INFOGRAPHIE - Trois fuites mystérieuses ont été détectées sur Nord Stream 1 et 2, les tuyaux censés permettre l'envoi de gaz russe en Europe. Ces gazoducs ne sont pas en service actuellement, mais ils sont pleins et un sabotage est envisagé.

Les gazoducs Nord Stream 1 et 2, qui relient la Russie à l'Allemagne, ont-ils fait l'objet d'un sabotage ? La question ne semble plus faire de doute.

Depuis deux jours, trois fuites de gaz différentes affectent les deux grands tuyaux jumeaux qui relient la Russie à l'Union européenne, sur le plancher de la mer Baltique. Lundi, un premier écoulement a été décelé sur le Nord Stream 2. Mardi, le gazoduc Nord Stream 1 a été à son tour affecté en deux points, ont indiqué le Danemark et la Suède, deux pays qui accueillent dans leurs fonds sous-marins ces pipelines majoritairement détenus par le géant russe Gazprom.

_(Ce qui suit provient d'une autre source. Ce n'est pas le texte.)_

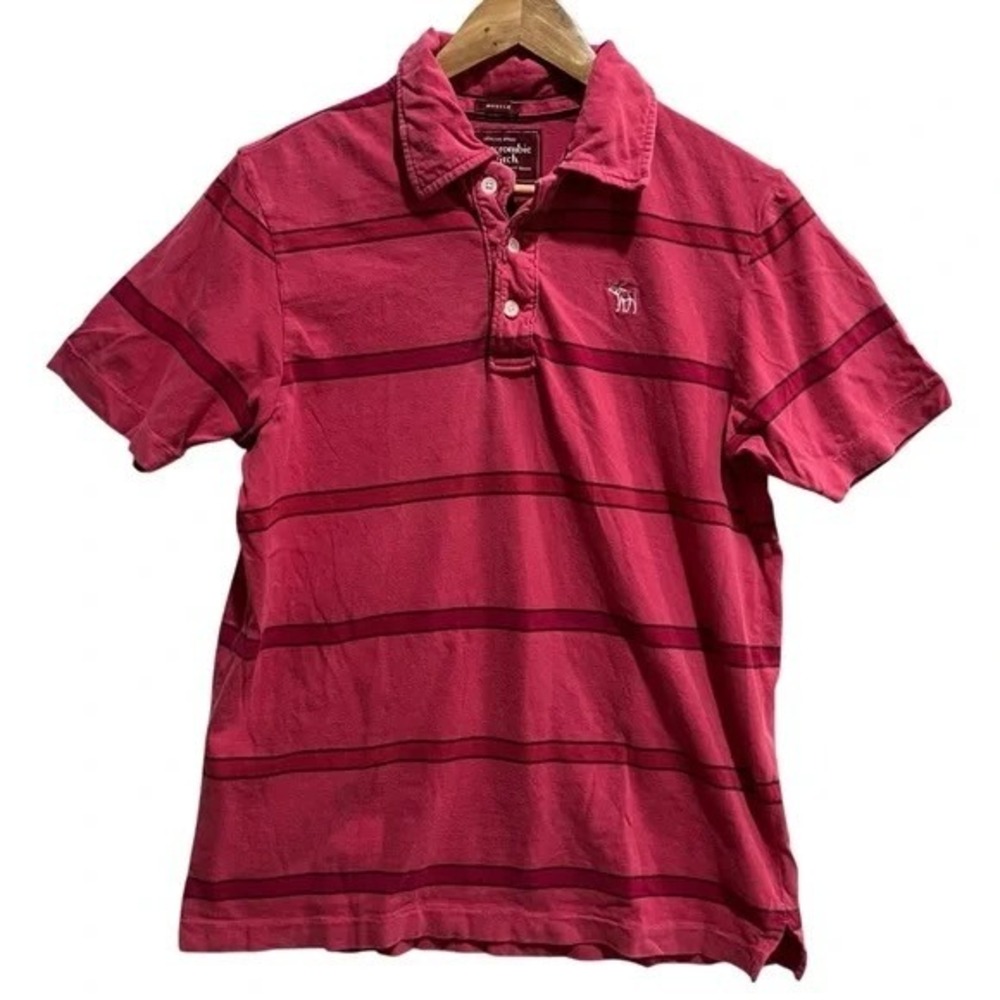 Vintage 2000s Abercrombie & Fitch Men's Red‎ Striped Muscle Fit Polo Shirt L Y2K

Des explosions sous-marines

Mardi après-midi, le réseau national sismique suédois a affirmé que des explosions sous-marines « très probablement dues à des détonations » avaient été enregistrées dans la zone des fuites de gaz. Une première « émission massive d'énergie » d'une magnitude de 1,9 sur l'échelle de Richter a été enregistrée dans la nuit de dimanche à lundi près de l'île danoise de Bornholm, puis une autre de magnitude 2,3, a expliqué l'expert suédois Peter Schmidt. Qui ajoute : « Il n'y a pas grand-chose d'autre qu'une explosion qui peut avoir provoqué des émissions d'énergie aussi importantes. »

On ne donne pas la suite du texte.